La brutal caída de la fertilidad islandesa

ISLANDIA NO SE LIBRA

La brutal caída de la fertilidad islandesa

La brutal caída de la fertilidad islandesa. Desde la década de los sesenta, la tasa de fertilidad de Islandia ha ido disminuyendo constantemente. Las tasas de fertilidad en 2017 fueron las más bajas registradas desde que comenzó el registro en 1853. Cabe mencionar que a pesar de estos números históricamente bajos, hay un crecimiento constante de la población, principalmente debido a la inmigración. Aunque la población no esté disminuyendo, vale la pena echar un vistazo más de cerca a lo que está detrás del cambio demográfico.

Durante muchos años, Islandia fue uno de los países europeos con la tasa de fertilidad más alta, una tendencia que se revirtió en 2016. Desde entonces, el país ha tenido la segunda tasa de fertilidad más baja de la Unión Europea. Islandia no está sola entre los países occidentales cuando se trata de reducir el número de nacimientos. A medida que más mujeres priorizan la educación y el trabajo, aumenta la edad promedio de las madres primerizas. Hoy en día, las mujeres islandesas tienen su primer hijo en promedio a los 27 años, cinco años después de lo que tenían en 1980. Si bien el cambio en el rol social de las mujeres es un factor obvio en esta caída, el costo de vida cada vez mayor de Islandia puede ser otro.

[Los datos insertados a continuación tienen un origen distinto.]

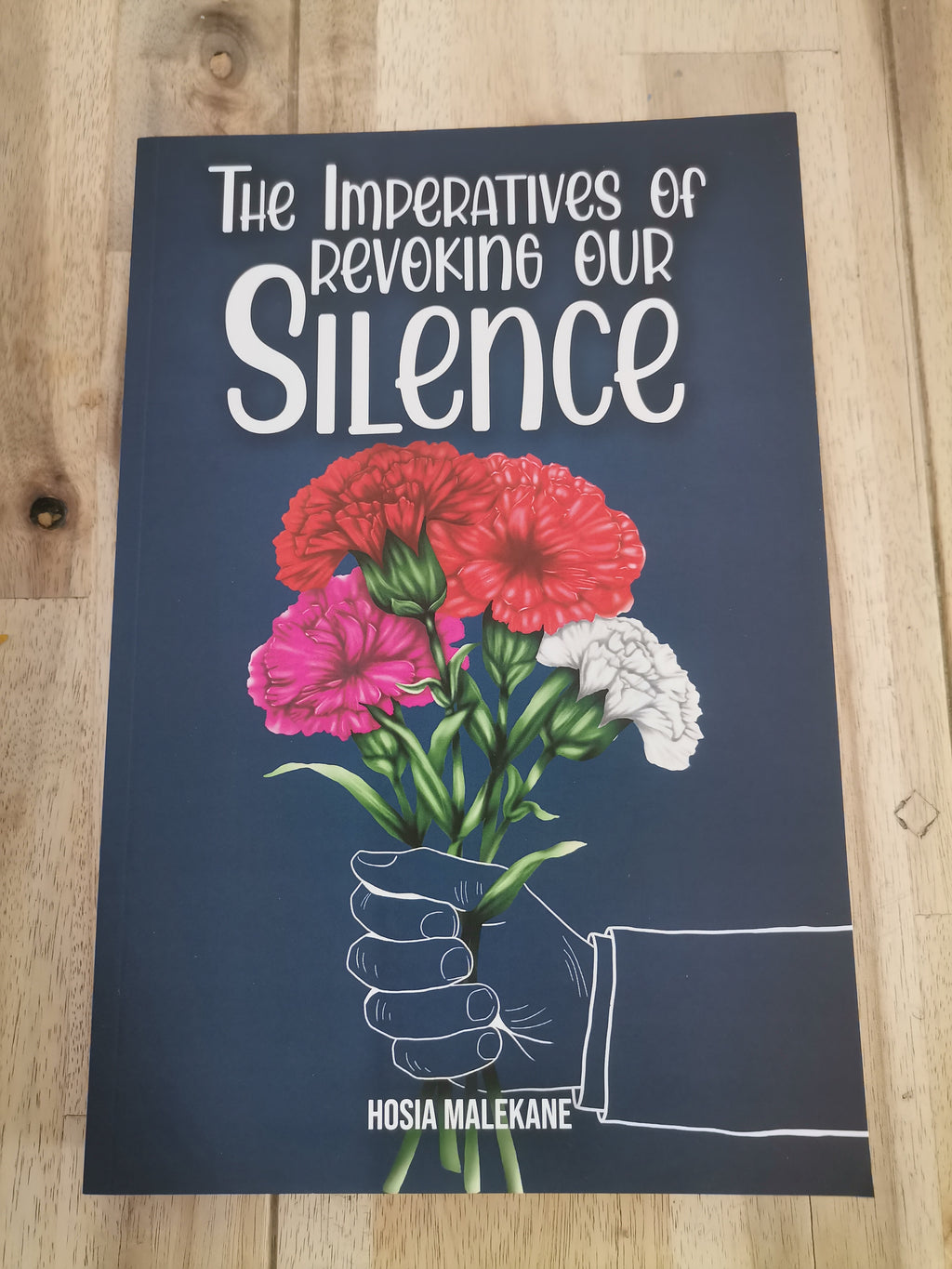 The Imperatives of Revoking Our Silence by Hosia Malekane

Por supuesto, retrasar tener el primer hijo puede significar que las familias terminen teniendo menos hijos en general, ya sea debido a una mayor dificultad para concebir o simplemente a menos años fértiles. Si bien muchas mujeres no tienen problemas para concebir, las madres de más edad por primera vez tienen más probabilidades de encontrar dificultades en el proceso, un efecto indirecto que los niños retrasan puede tener en las tasas de fertilidad.

La brutal caída de la fertilidad islandesa

Un factor que puede estar alentando a los islandeses a retrasar el tener hijos es la falta de una política integral de cuidado de niños en el país, que deja una brecha de 15 meses entre el permiso parental y el cuidado público de niños. Los nuevos padres en Islandia tienen hasta nueve meses de licencia parental: cada padre recibe tres meses intransferibles, y la pareja recibe otros tres adicionales que pueden dividir según lo deseen. Sin embargo, a los niños no se les garantiza un lugar en los centros preescolares públicos hasta que cumplan dos años. Esto deja una brecha que la mayoría de los padres cubren con la ayuda de guarderías privadas o niñeras, que se pagan de su bolsillo.

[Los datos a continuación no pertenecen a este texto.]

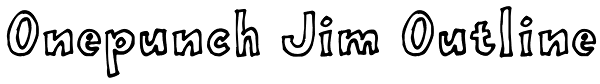 Onepunch Jim Outline Font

La Ciudad de Reikiavik recientemente anunció un plan para asegurar que los niños mayores de 12 meses tengan un lugar en la guardería. Dado que el gobierno actual ha propuesto alargar la licencia parental a 12 meses dentro de los próximos tres años, es posible que se cierre la brecha actual. Queda por verse si ambos gobiernos cumplirán sus promesas, pero si lo hacen, las condiciones para formar una familia en Islandia ciertamente mejorarán.

Aunque la tasa de natalidad de Islandia ha disminuido, la población del país sigue en alza gracias a un flujo constante de inmigrantes. Mientras que en 1990, solo el 1.9% de la población de Islandia eran ciudadanos extranjeros, hoy en día, representan más del 12% de la población. El aumento de la migración se debe a la escasez de mano de obra local, particularmente en el trabajo de bajos salarios. A medida que la población inmigrante de Islandia crece, también lo hace su influencia, como se puede ver en las negociaciones salariales en curso, donde los trabajadores de la industria del turismo, muchos de los cuales son inmigrantes, han organizado huelgas, exigiendo un aumento en los salarios mínimos. Como vemos, no todo brilla tanto como parece, aunque muchas de sus medidas serían bienvenidas en medio mundo.